Even on its own merits, however, Keller’s list of progressive elements in Obama’s budget is deeply misleading. If his argument is that there are elements in the President’s budget that a liberal or progressive would find pleasing, then yes, the President’s budget is “progressive.” But that was true of every budget ever offered by Presidents Reagan, Bush I, and Bush II. The idea that we should “make some important investments in our future” is obviously important, but that is simply inherent in every federal budget of our era. The fact is that the government has not yet been prevented from investing in the future, with money still being spent (directly and indirectly) on basic scientific research, education, and so on.

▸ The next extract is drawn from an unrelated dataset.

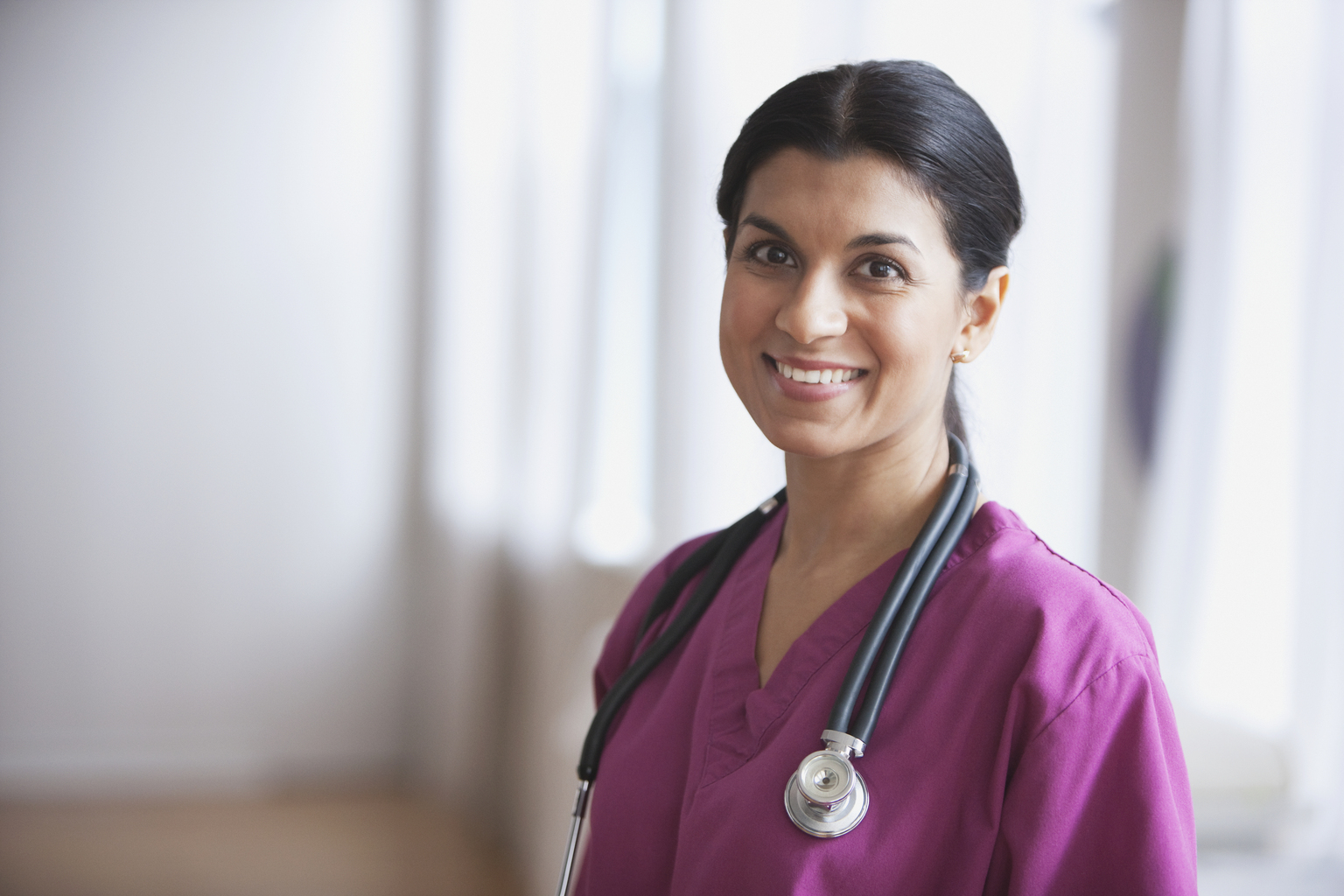 Mixed race doctor standing in hospital hallway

Similarly, the federal income tax is still progressive, but it is clearly less so than it used to be—in part, with Obama’s blessing. Even the President’s agreement to increase the threshold on who would pay the restored Clinton-era 39.6% top marginal tax rate was watered down after negotiations in which Obama held virtually all the cards.
Beyond the mere existence of programs that the President’s defenders can call progressive, however, is a matter of degree. I certainly like the idea of “pumping money now into job creation,” but exactly how much money are we talking about? Again, the proper comparison is not with what Republicans are willing to approve, because that would turn anything short of a zero-dollar federal budget into a liberal victory.
The fact is that the President’s proposals simply do not add up to much. Even though a proposal like universal pre-K is truly commendable, that does not make the budget progressive. With states continuing to cut back, the Obama proposal continues to constitute a too-little-too-late approach to economic policy. Being able to point to the job-creating effects of specific parts of the proposed budget does nothing to change the overall austerity that such a budget represents.
Obviously, the Presidents’ Republican opponents represent a new breed of extreme conservativism. Compared to them, nearly anything looks progressive. But it is simply no longer possible to say that the White House’s overall economic policy is anything other than warmed-over old-fashioned centrist conservatism. It is not “eleventh dimensional chess.” It is also not what the President campaigned on in 2012. But it is what he is now offering, because it is what—as the evidence overwhelmingly shows—he truly believes in.